I do feel that this is something of a ‘confession’, given that librarians are all about sharing information. And what’s the point of a blog if you don’t use it? But, you see, I’m in a bit of a dilemma. I’m an introvert. And there’s nothing an introvert hates more than randomly sharing personal thoughts and feelings with others. I mean, why would you want to do that????

And yet, and yet… Here I am in a profession that defines itself by its natural inclination to SHARE and CONNECT. It’s a bit of a mis-match, don’t you think? Well, here’s my take on why I’m drawn to what I do, despite my own persona.
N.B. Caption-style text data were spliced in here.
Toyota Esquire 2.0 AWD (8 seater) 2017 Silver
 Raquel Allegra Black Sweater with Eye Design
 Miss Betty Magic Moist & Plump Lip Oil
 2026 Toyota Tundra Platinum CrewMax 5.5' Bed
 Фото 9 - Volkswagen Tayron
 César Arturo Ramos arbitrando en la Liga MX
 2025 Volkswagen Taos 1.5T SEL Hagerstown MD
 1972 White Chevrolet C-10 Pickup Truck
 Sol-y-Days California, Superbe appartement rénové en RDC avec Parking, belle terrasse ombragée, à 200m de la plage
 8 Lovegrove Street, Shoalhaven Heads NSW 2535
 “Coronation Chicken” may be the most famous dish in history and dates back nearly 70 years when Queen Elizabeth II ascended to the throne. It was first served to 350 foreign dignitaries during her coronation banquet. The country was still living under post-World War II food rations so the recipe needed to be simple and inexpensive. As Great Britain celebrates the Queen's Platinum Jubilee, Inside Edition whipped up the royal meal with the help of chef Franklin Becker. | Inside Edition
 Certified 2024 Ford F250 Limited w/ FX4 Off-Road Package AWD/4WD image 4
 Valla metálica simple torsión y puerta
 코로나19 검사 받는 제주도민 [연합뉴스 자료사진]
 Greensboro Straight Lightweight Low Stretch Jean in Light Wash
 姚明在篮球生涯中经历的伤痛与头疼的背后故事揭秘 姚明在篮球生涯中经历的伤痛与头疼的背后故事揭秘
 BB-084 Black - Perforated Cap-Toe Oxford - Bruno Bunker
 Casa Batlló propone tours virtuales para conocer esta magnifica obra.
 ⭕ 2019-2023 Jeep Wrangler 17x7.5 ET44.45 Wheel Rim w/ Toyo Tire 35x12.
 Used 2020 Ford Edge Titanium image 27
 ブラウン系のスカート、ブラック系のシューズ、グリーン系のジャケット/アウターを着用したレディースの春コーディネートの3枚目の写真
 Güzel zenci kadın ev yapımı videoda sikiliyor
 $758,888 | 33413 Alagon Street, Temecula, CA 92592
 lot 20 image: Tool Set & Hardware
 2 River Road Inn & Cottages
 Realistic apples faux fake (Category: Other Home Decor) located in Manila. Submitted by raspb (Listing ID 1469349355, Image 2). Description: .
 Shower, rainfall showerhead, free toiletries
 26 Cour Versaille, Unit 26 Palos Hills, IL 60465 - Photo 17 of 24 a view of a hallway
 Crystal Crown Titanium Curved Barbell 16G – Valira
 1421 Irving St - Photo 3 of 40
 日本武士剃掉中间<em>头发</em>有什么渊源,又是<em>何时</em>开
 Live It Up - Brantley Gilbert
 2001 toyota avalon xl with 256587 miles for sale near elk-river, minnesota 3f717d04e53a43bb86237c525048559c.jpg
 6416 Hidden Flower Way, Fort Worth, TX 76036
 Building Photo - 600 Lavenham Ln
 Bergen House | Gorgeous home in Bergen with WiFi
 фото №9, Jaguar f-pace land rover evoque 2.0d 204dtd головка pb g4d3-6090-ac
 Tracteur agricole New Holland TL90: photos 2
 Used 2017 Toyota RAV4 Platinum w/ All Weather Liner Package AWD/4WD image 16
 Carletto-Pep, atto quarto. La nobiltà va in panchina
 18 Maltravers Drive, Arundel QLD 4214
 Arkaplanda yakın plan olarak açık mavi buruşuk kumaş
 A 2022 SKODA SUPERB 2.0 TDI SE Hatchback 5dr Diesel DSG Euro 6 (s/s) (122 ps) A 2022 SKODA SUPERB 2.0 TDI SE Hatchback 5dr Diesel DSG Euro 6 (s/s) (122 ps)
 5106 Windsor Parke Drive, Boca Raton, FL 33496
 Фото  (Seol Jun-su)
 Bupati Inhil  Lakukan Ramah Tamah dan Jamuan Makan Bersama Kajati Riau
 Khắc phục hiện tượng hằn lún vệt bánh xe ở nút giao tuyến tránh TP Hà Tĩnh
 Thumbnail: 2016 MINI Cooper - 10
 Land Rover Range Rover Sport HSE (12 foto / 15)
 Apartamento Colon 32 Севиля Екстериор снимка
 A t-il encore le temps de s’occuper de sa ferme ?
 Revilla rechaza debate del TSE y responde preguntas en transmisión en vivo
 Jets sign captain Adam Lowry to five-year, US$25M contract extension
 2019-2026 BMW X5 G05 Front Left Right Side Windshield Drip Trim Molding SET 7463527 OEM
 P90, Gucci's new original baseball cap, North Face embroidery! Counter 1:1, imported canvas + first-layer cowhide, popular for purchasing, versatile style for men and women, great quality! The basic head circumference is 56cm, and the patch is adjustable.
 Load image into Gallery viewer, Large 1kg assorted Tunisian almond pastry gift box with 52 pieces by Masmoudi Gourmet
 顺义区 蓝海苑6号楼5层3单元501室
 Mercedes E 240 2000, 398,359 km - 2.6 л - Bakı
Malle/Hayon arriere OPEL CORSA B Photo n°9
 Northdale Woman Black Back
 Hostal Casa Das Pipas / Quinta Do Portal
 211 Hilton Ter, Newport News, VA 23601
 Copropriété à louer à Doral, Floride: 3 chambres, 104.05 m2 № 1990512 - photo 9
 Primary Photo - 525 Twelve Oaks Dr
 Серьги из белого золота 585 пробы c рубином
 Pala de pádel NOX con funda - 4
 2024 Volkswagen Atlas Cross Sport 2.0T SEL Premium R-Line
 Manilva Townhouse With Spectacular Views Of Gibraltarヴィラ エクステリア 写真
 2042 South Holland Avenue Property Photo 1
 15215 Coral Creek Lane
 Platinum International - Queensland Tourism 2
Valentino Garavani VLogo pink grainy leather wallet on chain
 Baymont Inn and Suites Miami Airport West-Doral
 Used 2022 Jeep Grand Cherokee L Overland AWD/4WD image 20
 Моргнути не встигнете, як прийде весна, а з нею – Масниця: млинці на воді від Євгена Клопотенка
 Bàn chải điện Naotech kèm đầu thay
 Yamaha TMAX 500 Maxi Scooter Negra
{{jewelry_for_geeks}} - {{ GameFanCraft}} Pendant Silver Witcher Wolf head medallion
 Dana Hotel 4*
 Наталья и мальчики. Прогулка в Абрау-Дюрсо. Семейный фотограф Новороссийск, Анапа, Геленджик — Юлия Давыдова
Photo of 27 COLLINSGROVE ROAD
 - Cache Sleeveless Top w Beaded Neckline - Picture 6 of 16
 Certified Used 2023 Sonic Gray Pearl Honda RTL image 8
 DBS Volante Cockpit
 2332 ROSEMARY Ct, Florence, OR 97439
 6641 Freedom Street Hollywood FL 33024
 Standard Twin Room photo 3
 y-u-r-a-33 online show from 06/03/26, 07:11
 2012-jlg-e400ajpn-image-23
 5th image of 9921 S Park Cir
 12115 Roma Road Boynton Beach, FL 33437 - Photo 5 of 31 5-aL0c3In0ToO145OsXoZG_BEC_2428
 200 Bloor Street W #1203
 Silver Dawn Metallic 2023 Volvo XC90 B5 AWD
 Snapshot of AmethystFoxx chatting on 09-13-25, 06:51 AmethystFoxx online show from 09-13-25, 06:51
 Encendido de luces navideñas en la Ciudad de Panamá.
As an introvert I get drained by too much interaction with others. That’s not to say that I don’t enjoy it; I really do love socialising with people I know well, who are close to me, and with whom I can just be myself. It’s just that it takes me a lot longer to recover from these interactions than people who are more extrovert. Extroverts gain energy from socialising, introverts’ energy is depleted.

So why would I choose a profession that requires me to interact with people? Here’s what I think.

I find the world hugely interesting and, despite being introverted, have no desire to go off and be a hermit in the woods. I love being able to observe what others do, enjoy the results of their creativity, and become informed by their discussions on life. I therefore recognise that I need to exist in the world of others and, to do that, I have to accept that a certain amount of interaction with others is required; it’s part of the deal, as it were.

There are different ways in which we can interact with others. There is the positive, and there is the negative. And this is key.

‘Positive’ includes the abovementioned socialising with friends, chatting, sharing food & wine, chilling in each others’ company, knowing you’re among people who understand you and love you for who you are. Or it’s about working with a bunch of people with shared objectives and mutual respect, who support and encourage each other to be the best they can be. It’s about things working, people helping other, and life going according to plan.

‘Negative’ includes complaining about things, griping about how unfair life is, and grumbling at things that should work but don’t. How many of the negative experiences you have in a day come about because of something that doesn’t work the way it’s supposed to? The call centre that puts you on hold for half an hour before telling you there are no operators free to take your call? The shop that declines to honour your discount voucher because you didn’t read the small print that tells you it ran out last week? The library that fines you for an overdue book because its system was down when you tried to renew online? AARGHHH!

Introverts avoid interactions with others, but if we have to have them, we’d prefer them to be positive because it is SO MUCH EASIER AND LESS STRESSFUL. And so I think the reason I’m drawn to librarianship (and associated branches of the information professions) is because it is all about helping people, breaking down barriers, fixing problems, and facilitating all the processes that make life run more smoothly. When did you ever hear someone complain that they’d been given all the information they needed to make an educated decision? Or grumble about being introduced to the wonders of literature? Or snipe at being pointed in the right direction for claiming their benefits?

So that’s why I do what I do. I engage in interactions with people, even though it takes a huge amount of energy on my part, because I hope that the end result will be an easier life for us all – and fewer people coming to me to grumble about things.

Any other introverts recognise this? Or am I alone in my interpretation? Perhaps I should go off to be a hermit in the woods after all… Oh, but where would I go to find out about such opportunities?